LinuxLists.cc - PATCH? rcu_do_batch: fix a pure theoretical memory ordering race

2006-12-02 21:25:46

Subject: PATCH? rcu_do_batch: fix a pure theoretical memory ordering race

On top of rcu-add-a-prefetch-in-rcu_do_batch.patch

rcu_do_batch:

struct rcu_head *next, *list;

while (list) {
next = list->next; <------ [1]
list->func(list);
list = next;
}

We can't trust *list after list->func() call, that is why we load list->next
beforehand. However I suspect in theory this is not enough, suppose that

- [1] is stalled

- list->func() marks *list as unused in some way

- another CPU re-uses this rcu_head and dirties it

- [1] completes and gets a wrong result

This means we need a barrier in between. mb() looks more suitable, but I think
rmb() should suffice.

Signed-off-by: Oleg Nesterov <[email protected]>

--- 19-rc6/kernel/rcupdate.c~rdp 2006-12-02 20:46:03.000000000 +0300
+++ 19-rc6/kernel/rcupdate.c 2006-12-02 21:04:12.000000000 +0300
@@ -236,6 +236,8 @@ static void rcu_do_batch(struct rcu_data
list = rdp->donelist;
while (list) {
next = list->next;
+ /* complete the load above before we call ->func() */
+ smp_rmb();
prefetch(next);
list->func(list);
list = next;

2006-12-03 17:39:32

by Eric Dumazet

[permalink] [raw]

Subject: Re: PATCH? rcu_do_batch: fix a pure theoretical memory ordering race

Oleg Nesterov a ?crit :
> On top of rcu-add-a-prefetch-in-rcu_do_batch.patch
>
> rcu_do_batch:
>
> struct rcu_head *next, *list;
>
> while (list) {
> next = list->next; <------ [1]
> list->func(list);
> list = next;
> }
>
> We can't trust *list after list->func() call, that is why we load list->next
> beforehand. However I suspect in theory this is not enough, suppose that
>
> - [1] is stalled
>
> - list->func() marks *list as unused in some way
>
> - another CPU re-uses this rcu_head and dirties it
>
> - [1] completes and gets a wrong result
>
> This means we need a barrier in between. mb() looks more suitable, but I think
> rmb() should suffice.
>

Well, hopefully the "list->func()" MUST do the right thing [*], so your patch
is not necessary.

For example, most structures are freed with kfree()/kmem_cache_free() and
these functions MUST imply an smp_mb() [if/when exchanging data with other
cpus], or else many uses in the kernel should be corrected as well.

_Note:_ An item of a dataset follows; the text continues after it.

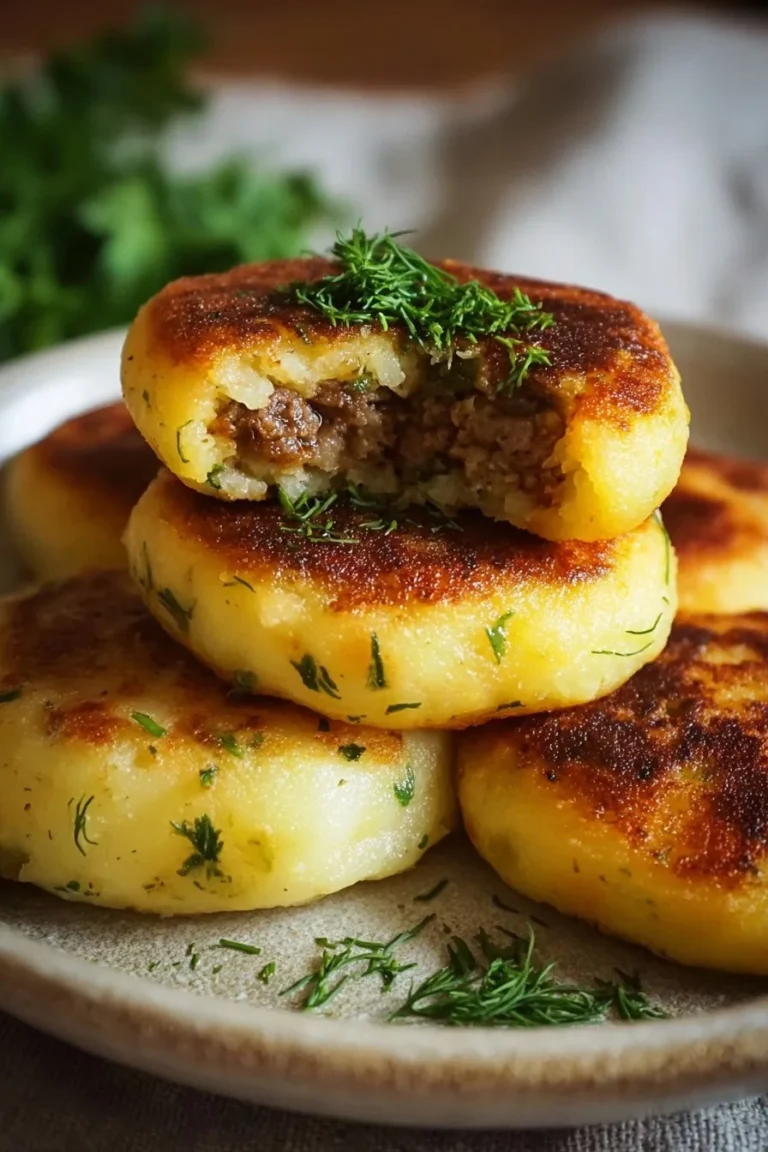 Easy stuffed potato cakes served on a plate for a hearty lunch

[*] : In particular, slab code managment does something special when
transfering local objects from local cpu A store to 'other cpus B'.
Other mechanisms should also use some kind of memory barrier in order to
transfer an object to another cpu too, or you could imagine in flight stores
from CPU A overwriting an object that was 'given' to CPU B.

2006-12-03 20:02:44

by Oleg Nesterov

[permalink] [raw]

Subject: Re: PATCH? rcu_do_batch: fix a pure theoretical memory ordering race

On 12/03, Eric Dumazet wrote:
>
> Oleg Nesterov a ?crit :
> >On top of rcu-add-a-prefetch-in-rcu_do_batch.patch
> >
> >rcu_do_batch:
> >
> > struct rcu_head *next, *list;
> >
> > while (list) {
> > next = list->next; <------ [1]
> > list->func(list);
> > list = next;
> > }
> >
> >We can't trust *list after list->func() call, that is why we load
> >list->next
> >beforehand. However I suspect in theory this is not enough, suppose that
> >
> > - [1] is stalled
> >
> > - list->func() marks *list as unused in some way
> >
> > - another CPU re-uses this rcu_head and dirties it
> >
> > - [1] completes and gets a wrong result
> >
> >This means we need a barrier in between. mb() looks more suitable, but I
> >think
> >rmb() should suffice.
> >
>
> Well, hopefully the "list->func()" MUST do the right thing [*], so your
> patch is not necessary.

Yes, I don't claim it is necessary, note the "pure theoretical".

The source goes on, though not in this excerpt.